Gelukkig is de omgeving geweldig. Het is namelijk gelegen aan zee, waar we pelikanen zien duiken naar vis. Ook wordt de locatie regelmatig bezocht door grote groepen brulapen die zich tegoed doen aan de bladeren van de vele bomen die de plek rijk is. Het bestaan van het nabij gelegen duistere begraafplaats-eiland negeer ik voor mijn gemoedsrust maar even.
We besluiten over onze irritatie van de eerste avond heen te stappen, maar worden de ochtend erna ruw gewekt door keiharde muziek die de eigenaar besluit op te zetten. Hij brengt de rest van de dag jodelend, liggend, slapend én bier drinkend door. Amber lacht zich rot om ‘die gekke meneer’, wij niet.
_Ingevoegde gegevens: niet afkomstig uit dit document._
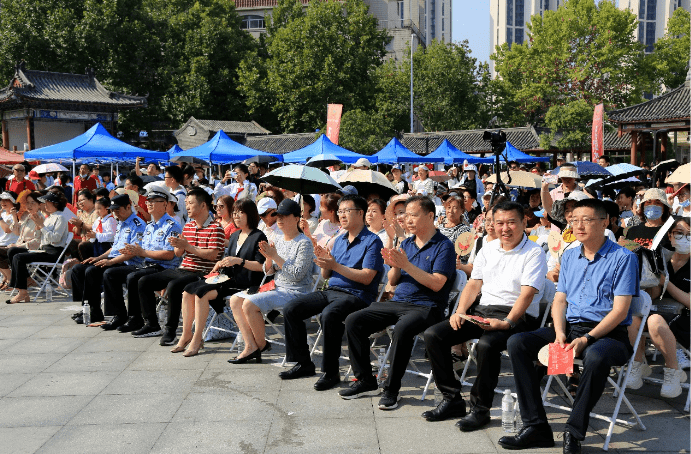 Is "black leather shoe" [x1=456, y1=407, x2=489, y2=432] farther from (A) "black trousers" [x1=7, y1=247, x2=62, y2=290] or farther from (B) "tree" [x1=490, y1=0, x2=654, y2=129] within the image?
(B) "tree" [x1=490, y1=0, x2=654, y2=129]

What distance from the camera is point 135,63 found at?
127 ft

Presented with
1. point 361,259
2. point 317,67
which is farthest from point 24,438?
point 317,67

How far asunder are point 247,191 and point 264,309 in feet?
24.7

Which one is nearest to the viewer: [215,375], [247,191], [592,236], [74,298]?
[592,236]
We voelen aan dat klagen niet zoveel zin heeft, vooral omdat ik een kwaaie dronk bespeur. Want bij het sporadische praatje dat we met hem hebben spuwt hij zijn gal over de vele slechte reviews en laat met veel armgebaren merken dat hij iedereen die het waagt iets negatiefs te zeggen met veel krachttermen verrot scheld. Ik besluit me in te houden en te genieten van alles wat er wel is, het Expeditie Robinson-achtige strand bijvoorbeeld.
‘Wat zeg je?’ roep ik die avond over de herrie heen.
‘Ik hoor je niet door die kikkers!’ reageert Marcel.
‘Wat zijn dit voor kikkers from hell joh!’ roep ik over het geluid dat klinkt als miljoenen nagels op een schoolbord.
We besluiten maar te gaan slapen want dit is geen doen.
‘Wat ligt daar nou?’ wijs ik naar het bewegende bolletje als we de krakkemikkige trap van het huisje op proberen te lopen.
‘What the f..’ zegt Marcel als we samen kijken naar het ademende (!) kikkerhoofd dat voor onze deur ligt.
Die nacht slaap ik slecht door deze hele Expeditie Robinson meets Fargo-situatie en inmiddels weet ik zeker dat het er spookt. Gelukkig blijven we niet lang meer. We twijfelen over een review, maar doen het niet. Want je zal zien dat we dan zo’n kikkerhoofd voor onze deur in Ede vinden óf dat die resort-eigenaar verhaal komt halen.
Ik weet niet wat erger is.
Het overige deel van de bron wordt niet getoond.